** Task requirements **
Which lines run from the start of the material below through the line containing "Flower Roses Art"? Retype them exactly, pictures excluded.

** Provided material **
⁂
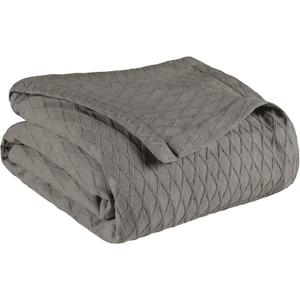 Superior Diamond Weave All-Season Cotton Blanket, Cover for Home, Couch, Bed, Soft, Warm Blankets, Boho Aesthetic, Comfy, Cozy, and Cute Covers, Decorative Bedding Essentials, Twin Size, Grey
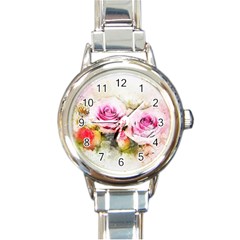 Flower Roses Art Abstract Round Italian Charm Watch by Celenk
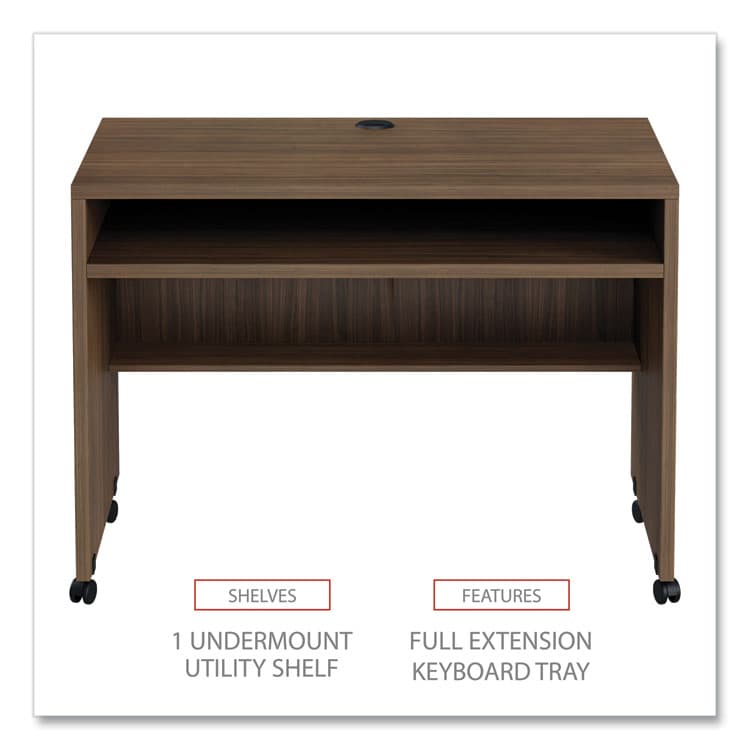 ALERA Alera Valencia Series Mobile Workstation Desk, 41.38" x 23.63" x 30", Modern Walnut (ALEVA204224WA) thumbnail 3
⁂
** Solution **
 Superior Diamond Weave All-Season Cotton Blanket, Cover for Home, Couch, Bed, Soft, Warm Blankets, Boho Aesthetic, Comfy, Cozy, and Cute Covers, Decorative Bedding Essentials, Twin Size, Grey
 Flower Roses Art Abstract Round Italian Charm Watch by Celenk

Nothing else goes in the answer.